** Opening EXCERPTED DATA block **
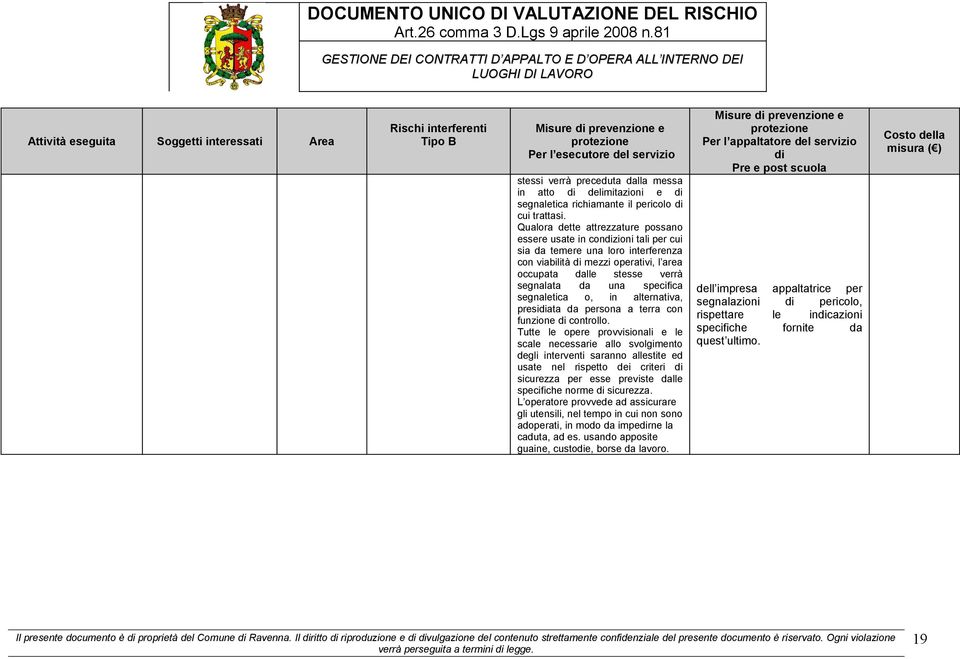 Qualora dette attrezzature possano essere usate in condizioni tali per cui sia da temere una loro interferenza con viabilità di mezzi operativi, l area occupata dalle stesse verrà segnalata da una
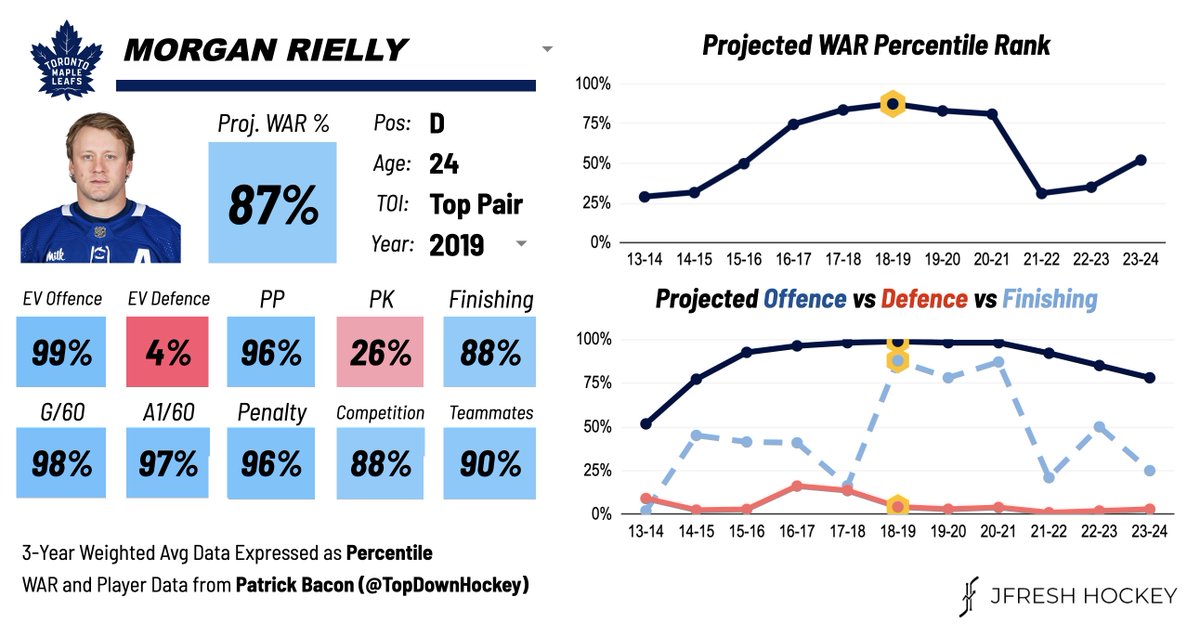 JFreshHockey's tweet photo. Rielly's career timeline is basically "okay, how much does the offence outweigh the defence" https://t.co/FiKxc7ePmN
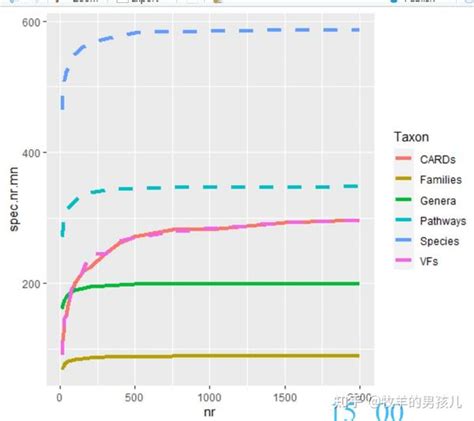 跟着nature学作图：r语言ggplot2分组折线图添加误差线 知乎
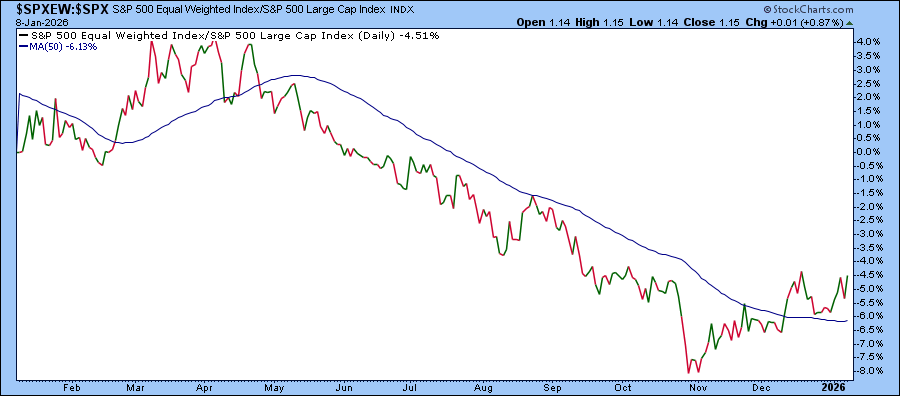 Chart of S&P 500 Equal-Weighted Index vs. the S&P 500 from StockCharts showing Equal-Weighted Index gaining momentum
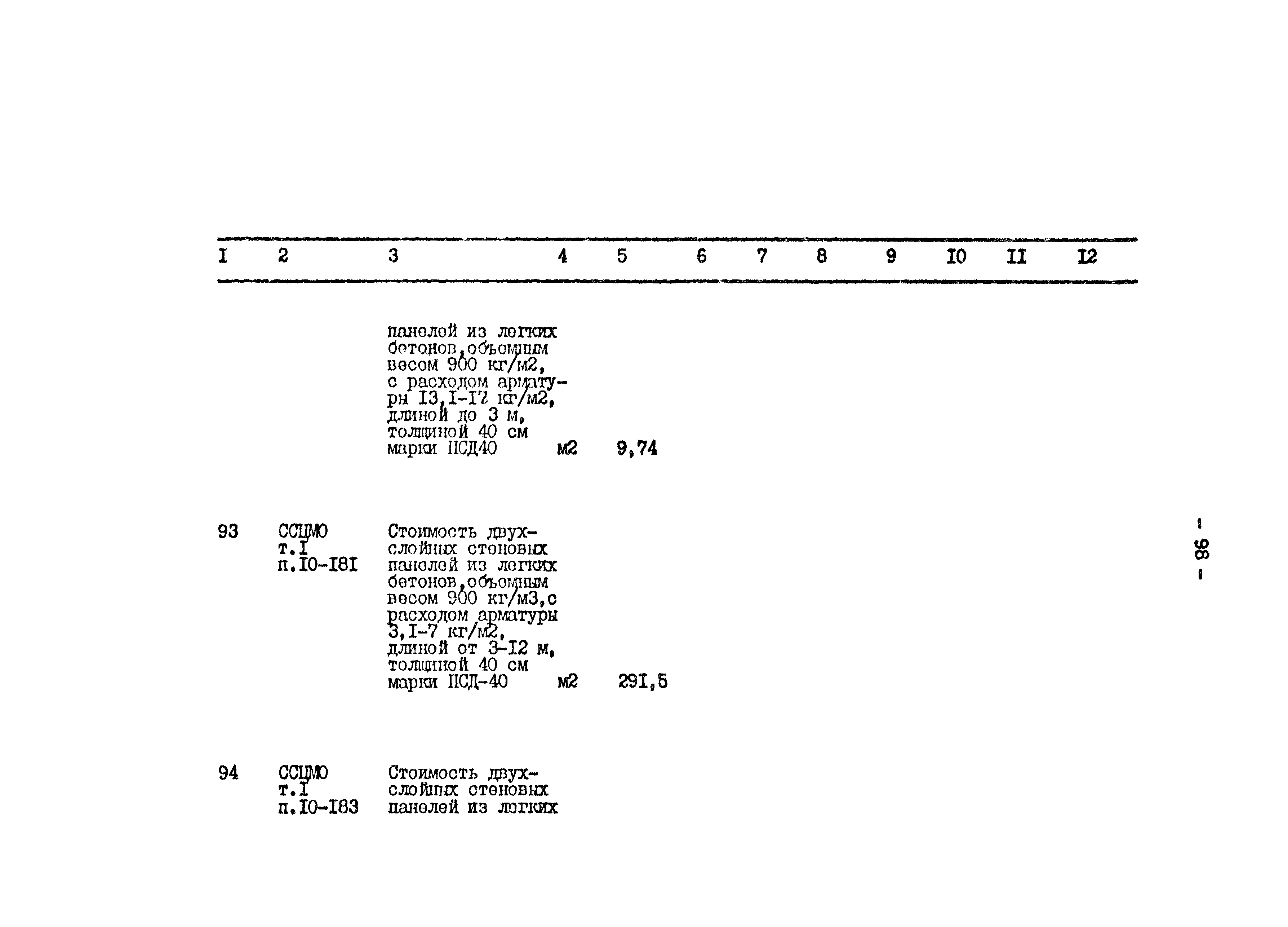 Типовой проект 801-2-64.85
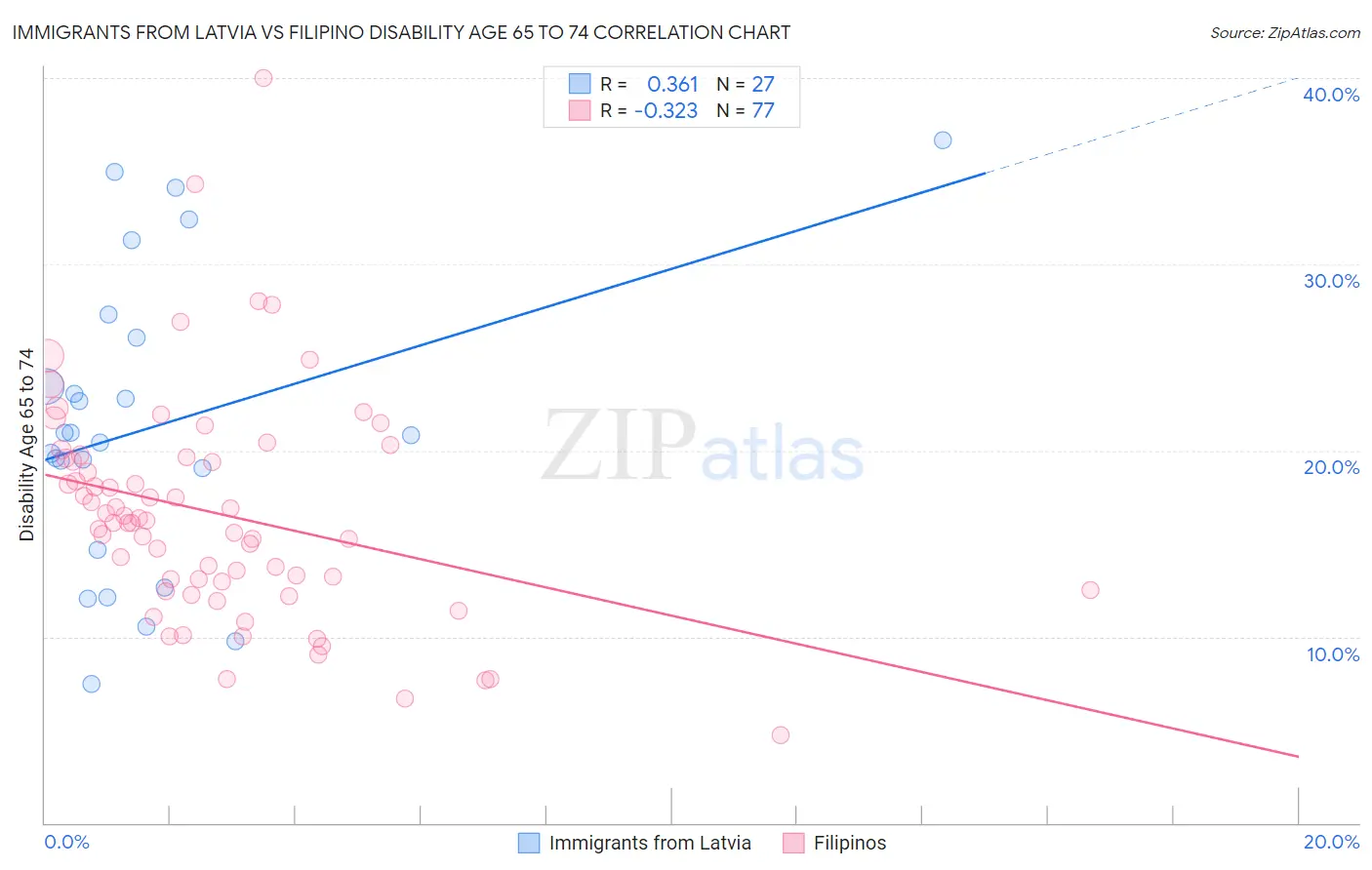 Immigrants from Latvia vs Filipino Disability Age 65 to 74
** Closing EXCERPTED DATA block **
▸ **TO DO**
Reproduce verbatim every line starting at the line that holds "Chart of S&P" and ending with the final line of the data; omit the pictures.

▸ **FINISHED TASK**
 Chart of S&P 500 Equal-Weighted Index vs. the S&P 500 from StockCharts showing Equal-Weighted Index gaining momentum
 Типовой проект 801-2-64.85
 Immigrants from Latvia vs Filipino Disability Age 65 to 74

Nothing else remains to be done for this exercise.